A drifting man in 1990s Korea
The story begins in 1988, in Seoul, South Korea. Oh Dae-su is an ordinary, unremarkable man — an office worker, married, and the father of a young daughter. On the night of his daughter's birthday, he turns up at a police station completely drunk, causing a scene and being held by officers. His friend Joo-hwan comes to collect him and gets him out, but in the brief moment when Joo-hwan stops at a phone booth to make a call, Oh Dae-su vanishes without a trace. From that instant on, his family hears nothing more from him. Shortly afterwards, his wife is announced to have been murdered, and Oh Dae-su is named the prime suspect. His daughter, left an orphan without a father, is given up for adoption to a family in Sweden.
Oh Dae-su has not fled, nor has he committed any crime. He has been kidnapped.
The imprisonment: fifteen years within four walls
Oh Dae-su wakes up in a room designed to resemble a cheap hotel room, with no windows and no means of contact with the outside world. He does not know his captors, does not understand the reason for his confinement, and no one explains anything to him. For the next fifteen years he remains locked in that space, completely cut off from the world. His only connection to the outside is a television set, through which he learns he has been charged with his wife's murder and that his daughter has been adopted. Guilt, rage, and helplessness consume him for years.
The imprisonment, however, transforms Oh Dae-su. What begins as a state of mental breakdown and despair gradually hardens into a cold and disciplined obsession. He exercises relentlessly, teaches himself to fight by striking the walls, and fills notebooks with lists of people he might have wronged over the course of his life, combing through his memories for the identity of whoever is holding him prisoner. He also attempts suicide on several occasions, without success. Over time, the desire for revenge becomes the only engine keeping him alive.
In 2003, fifteen years after his disappearance, Oh Dae-su is released as abruptly as he was captured. He appears on a rooftop, dressed in fresh clothes, with a suitcase containing money and a mobile phone. He does not know why he was let go, just as he never knew why he was locked up.
The antagonist and the true framing of the conflict
Shortly after his release, Oh Dae-su meets Mi-do, a young chef who works at a sushi restaurant. Between them an immediate and intense attraction develops, quickly evolving into a romantic and sexual relationship. Mi-do, moved by Oh Dae-su's situation, decides to help him in his search for answers.

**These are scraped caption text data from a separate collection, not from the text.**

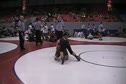 GS IN vs. OH HWT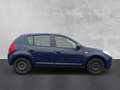 Dacia Sandero Ambiance 1.4 AHK Klima Tüv Blau - thumbnail 6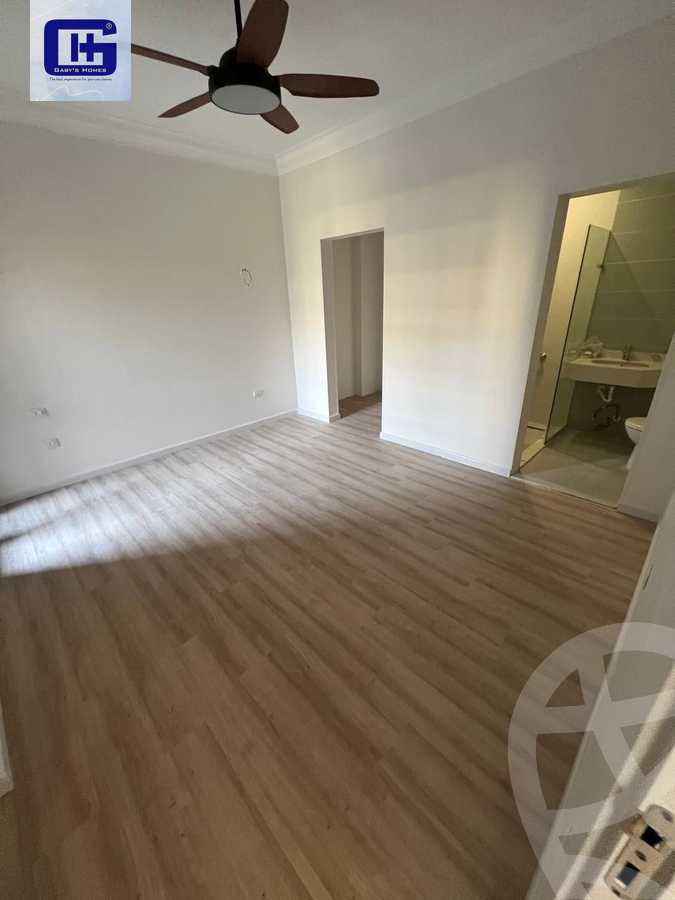 https://aqarmap.com.eg/ar/listing/6273341-for-sale-cairo-new-cairo-compounds-el-patio-oro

Oh Dae-su's investigation eventually leads him to his captor: Lee Woo-jin, a young, extraordinarily wealthy, and elegant man who turns out to be a former schoolmate of Oh Dae-su's. Lee Woo-jin is not driven by an irrational impulse or a simple desire for revenge. His motivation is the product of a specific trauma, calculated with precision over decades. At school, Oh Dae-su discovered that Lee Woo-jin was engaged in an incestuous relationship with his sister Lee Soo-ah, and although he did not spread the secret intentionally, the rumour took hold. Lee Soo-ah, unable to bear the public shame, ended up taking her own life. Lee Woo-jin holds Oh Dae-su responsible for his sister's death — a sister he loved in an obsessive way — and has dedicated his entire life to constructing an elaborate and devastating act of revenge.
What Oh Dae-su does not yet know at this point, and what the viewer likewise does not yet fully understand, is that the true scope of Lee Woo-jin's plan extends far beyond mere imprisonment. The antagonist has not simply sought to punish Oh Dae-su by locking him away: he has engineered a psychological trap whose centrepiece is the very act of releasing his victim. Lee Woo-jin has manipulated every aspect of Oh Dae-su's life from the shadows, including the encounter with Mi-do, with a precise and devastating purpose that forms the core of the entire story.
The central conflict of Oldboy is not, therefore, the search for a kidnapper, but a game in which Oh Dae-su believes he is playing to uncover the truth — not knowing that the rules, the board, and the final outcome were written in advance by his adversary.